Wiggins, who by his own admission went on “a nine-month bender” after winning Olympic individual pursuit gold at Athens in 2004, said that he’d also had trouble coming to terms with the scale of his success two years ago, when he added the time trial title at London 2012 less than a fortnight after winning the Tour.
"I wasn't handling being Tour champion very well," he confessed, although for different reasons. “All that Lance [Armstrong] stuff had kicked off and I didn't want to be in that position.
“It's just different now,” he went on. "It's really liberating not being in the position of constantly being asked 'can you win the Tour?'"
Wiggins admits that just as happened when he won the Tour, and again last year, some will raise suspicions over Sky’s performance.
Referring to Froome, he said: "He got so much crap.His performances were so dominant but they were also genuine.
“I know everyone says that we were all lied to by Lance but the testing wasn't as scrupulous back then. You'd have to be mad to do it in this day and age, maybe a bit psychopathic."
But he added: "That's the stage cycling is in at the moment and I don't know if the cynicism and suspicion is going to get worse. Maybe for the next few years that is what we have to expect."
Great Britain head coach Shane Sutton, whom Wiggins has described as a father figure, has said he’d be happy for him to fight for a place in the line-up at the Rio Olympics in 2016.
Wiggins, who won the first of his seven Olympic medals, four of them gold, at Sydney in 2000, said: “I'll be 36, chasing that fifth Olympic gold, more track than road, I think.
"It's going to have to be if I want to do that," continued Wiggins, who would be likely to target a place in the team pursuit squad.
"I always said I'd like to finish it off where I started, going full circle, from team pursuit to Madison to winning the Tour."
Speaking of the prospect of Sky following the likes of Orica-GreenEdge and Lotto-Belisol in launching a separate women’s team, Wiggins said: “I think it's the next logical step in terms of where we are coming from and what we are focused on.

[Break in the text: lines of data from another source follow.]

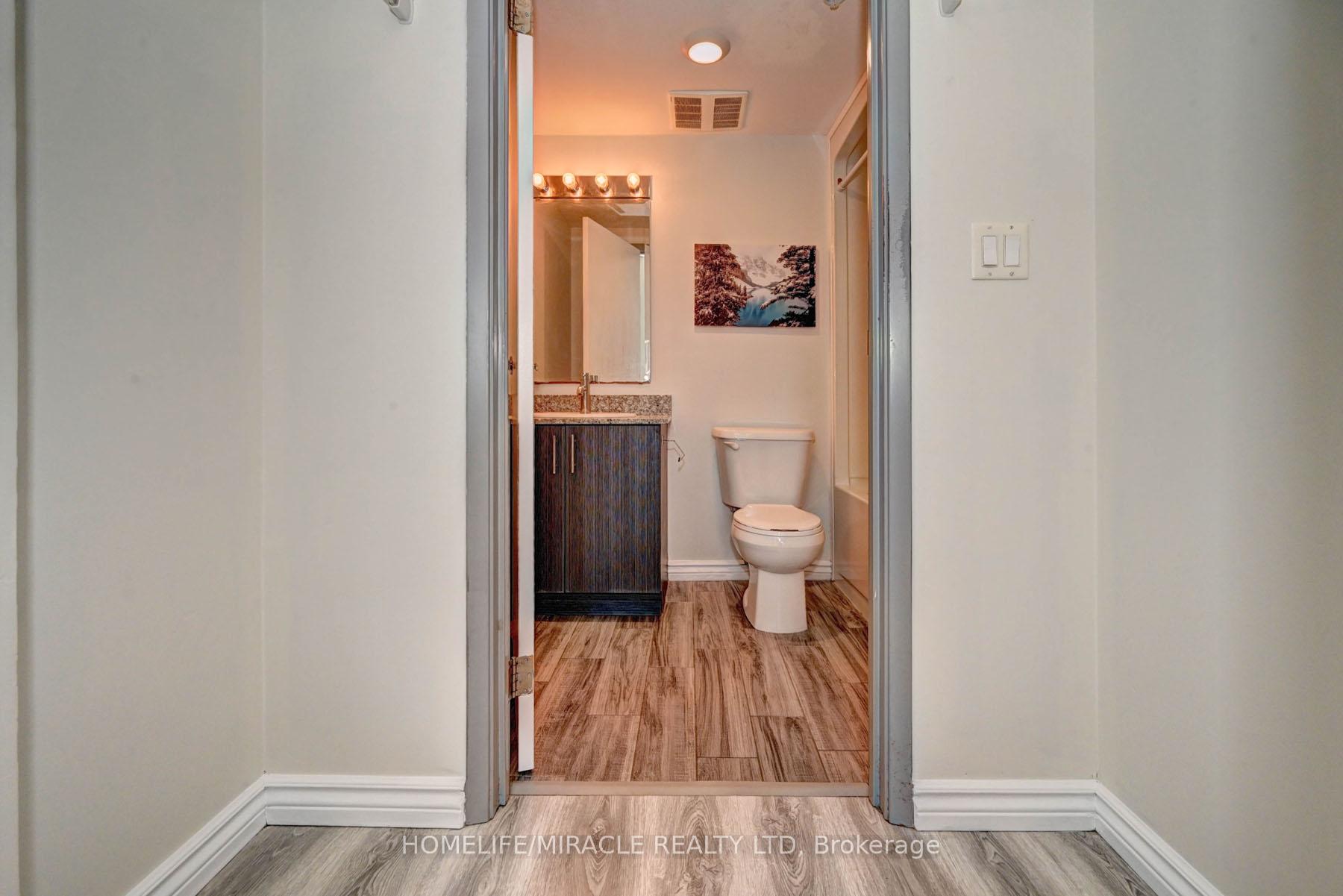 Photo 20 of Unit 209F, 275 Larch Street, Waterloo, Beechwood/University — HOMEH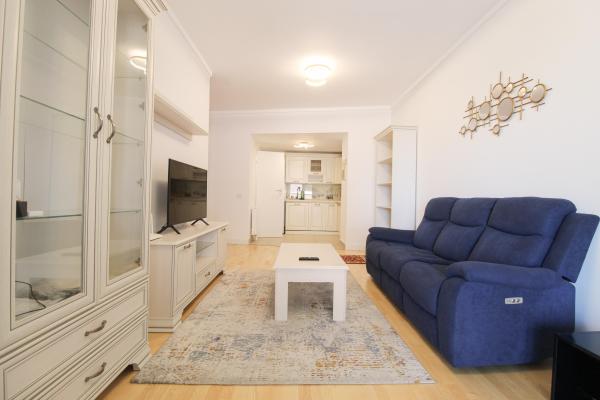 Marmura Residence- 2 camere spatios -56 mp utili -7 mp logie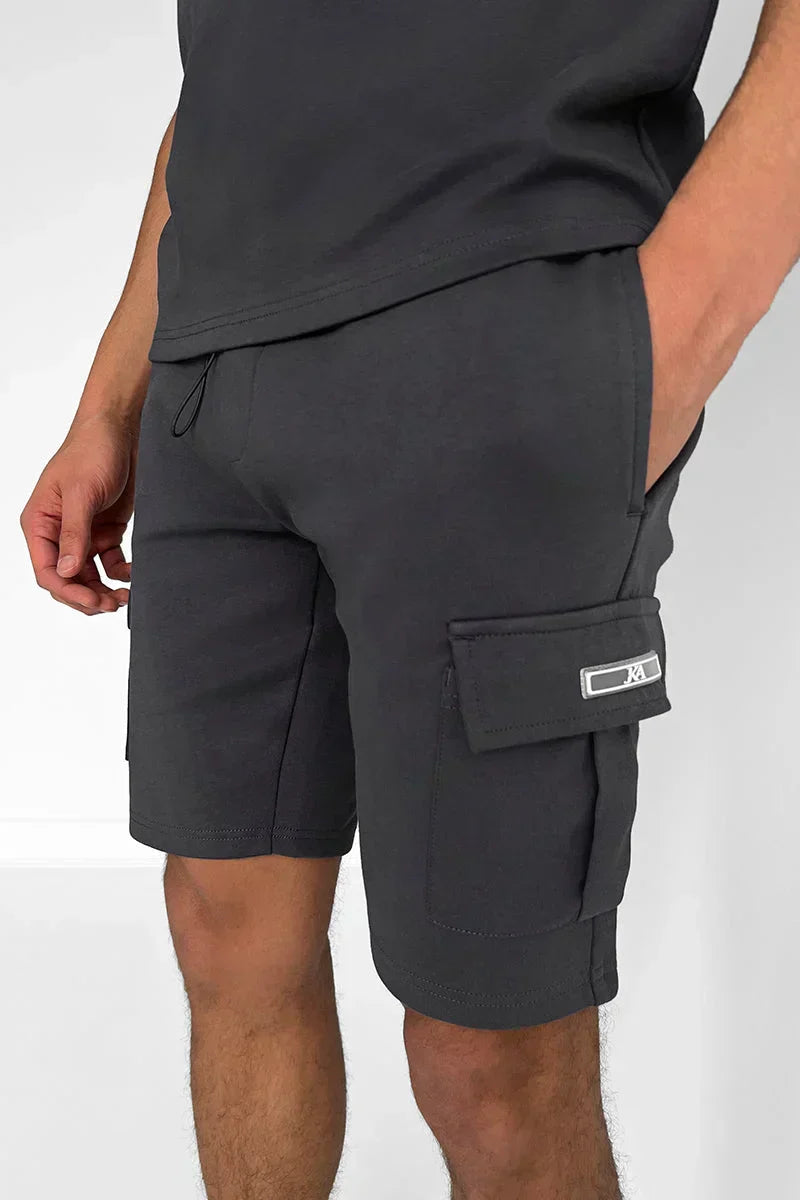 Set Elegante Due Pezzi Uomo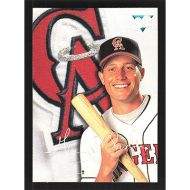 1993 Studio #85 Gary DiSarcina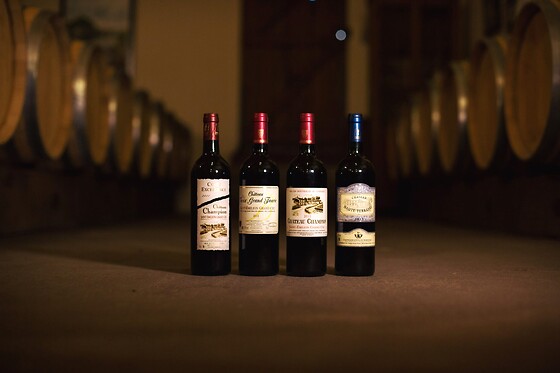 Château Champion - St-Emilion Grand Cru - photo 3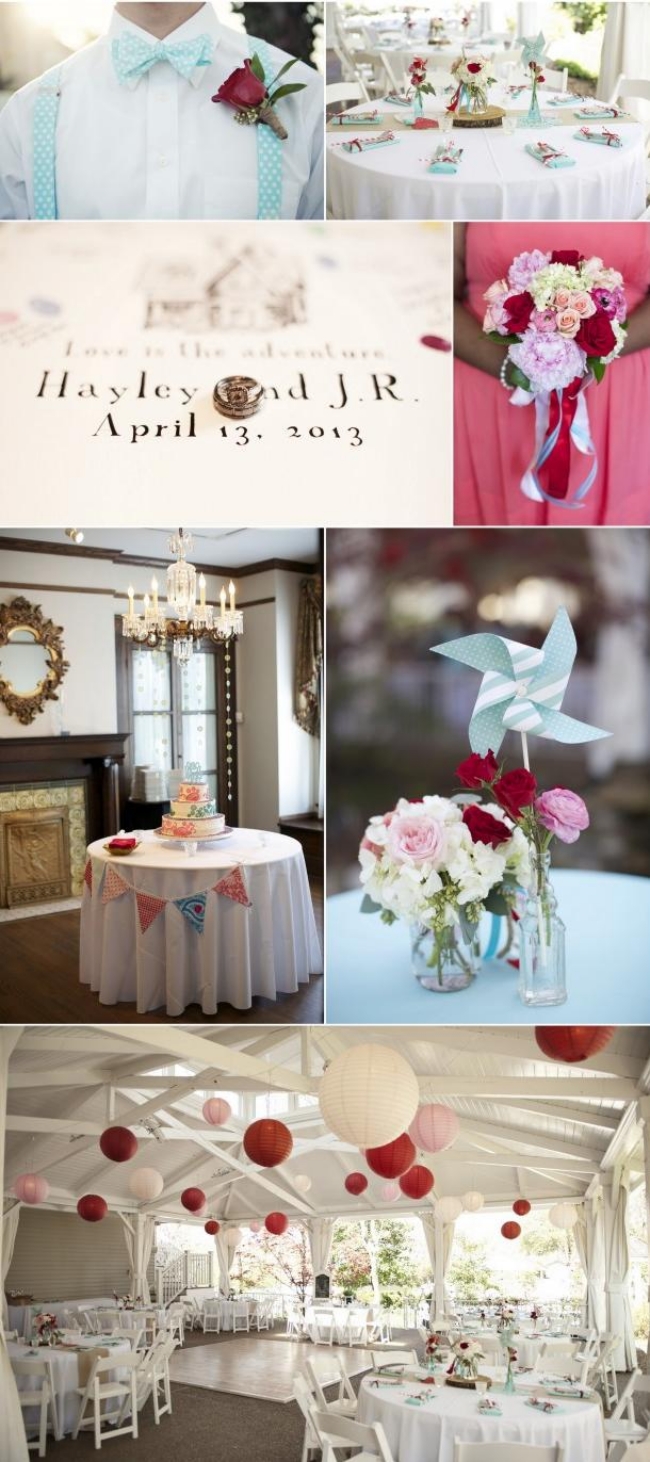 deco-mariage-printemps-table-fleurs-lanternes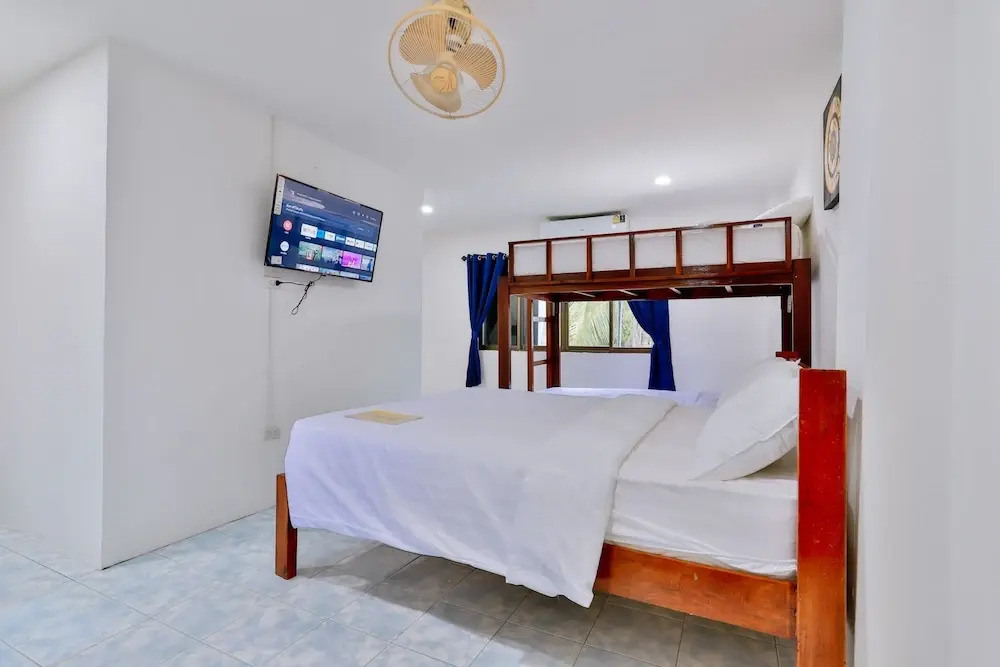 GP House Apartment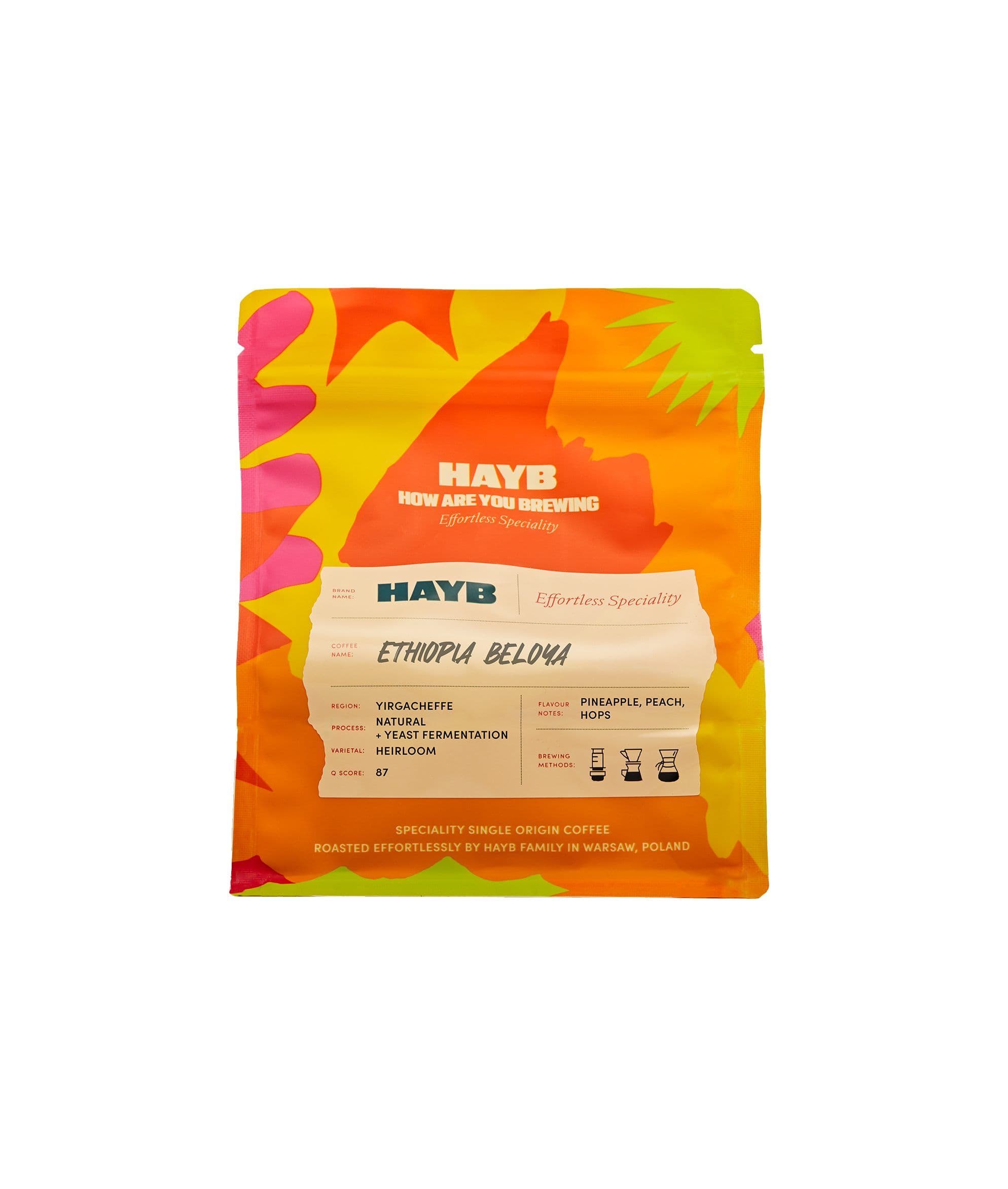 Image of Ethiopia Beloya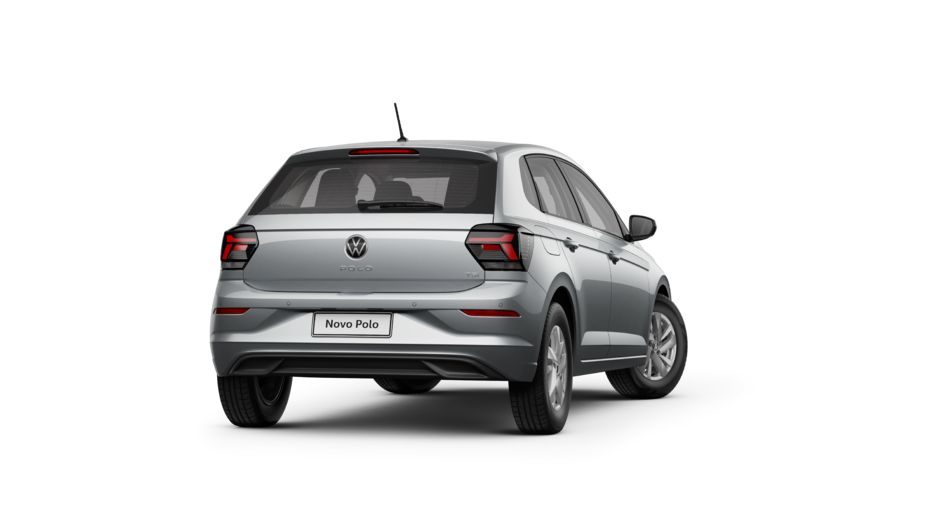 POLO 1.0 170 TSI SENSE AUTOMÁTICO1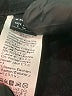 Shein Black Denim Shorts Size S - photo 3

We've certainly got the bodies for it.”
Wiggins himself has dipped into his own pocket to help finance the Wiggle Honda squad, managed by Commonwealth road champion Rochelle Gilmore and whose riders include British Olympic champions Dani King, Laura Trott and Joanna Rowsell, as well as the Italian two-time world road champion, Giorgia Bronzini.
On the subject of Sky backing a women's team, he continued: “I think the only danger with it is that they become this incredibly super squad, with a great budget and great riders, and then you've got the worst women's team on the circuit too and the void is huge... it becomes a financial competition rather than an athletic one."
This May sees the inaugural edition of the Women’s Tour in Britain. Wiggins believes however that it is the staging of a women’s race in Paris on the same day the Tour de France finishes that will help the sport move on.
He said: “There's been a lot of talk about that since the Olympics, but two years have gone by and I don't think we're any further forward in terms of a few people saying a few things.
"This is the first thing of note of somebody big putting their money where their mouth is. It's a huge step forward."